To further involve the company’s employees, Maag and his team conducted a search for those with the longest tenure. The “fab 50,” as they were dubbed, were profiled in the company’s newsletter and online. One had been with the company for 47 years, the others had a minimum of 30 years with the company. Thirteen of them came from overseas. CEO Vallee, who joined the company as a field sales rep in 1977, just missed the cut.
The 150-page book was published in July and distributed to the company’s 10,000 employees around the world, to its largest investors, to analysts and the media, and to community leaders. And in October, which is “customer service month,” the company’s largest customers will receive copies of the book directly from the sales force.
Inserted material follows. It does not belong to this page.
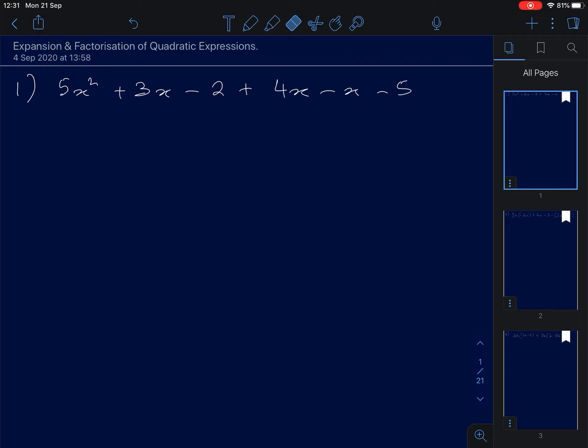Today we will do expansion and factorization of quadratic expressions. There are about 20 questions, and I intend to do 10 questions for this first video. Questions 11 to 20 will be in the second video. Let's try to solve number one first.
The 1,000 square-foot museum was opened at a ribbon-cutting ceremony that featured the mayor of Phoenix, Phil Gordon; members of the Avnet family, including producer/director Jon Avnet; and Avnet chairman and CEO Roy Vallee.
The anniversary was also discussed at length in board meetings—Vallee took board members on a guided tour of the museum—and became the theme at Avnet’s sales conferences.
“If you remind your customers that you have been around for more than 80 years, they begin to feel there is a pretty good chance you will be around for another 80 years,” says Maag. At a time when so many companies seem to be, in the words of management guru Jim Collins “built to flip” rather than “built to last” the company’s history sent a powerful signal to all stakeholders about the company’s commitment to the industry.
It also sent a powerful message about the future. “We have a history of innovation,” says Maag. “The history shows that as the technology industry has evolved, we have evolved with it, and it makes it clear that we will continue to evolve.”
That was the note sounded by Vallee as he unveiled the museum in July. “Our 50th anniversary celebration honors the company that the Avnet family and thousands of other passionate, talented and dedicated people have created,” he said. “Certainly, a lot has changed over the past 80 years. The relative simplicity of the vacuum tube and radio has given way to complex technologies that are smaller, more powerful and more ubiquitous than the Avnets could have imagined.
“However, much is the same—Avnet remains a culture of integrity, performance, values and entrepreneurial spirit.”
While the most important impact of the anniversary was on stakeholder relationships—providing an opportunity for salesmen to talk to customers about the company’s rich heritage and giving employees something to be proud of, the celebration also generated “a ton of press coverage,” says Maag, including a 1,000-word article in the Arizona Republic.
“We are Arizona’s largest public company—not the biggest in terms of employees, but in terms of revenues we are number one, and that gives us a good opportunity to get local coverage for something like this.”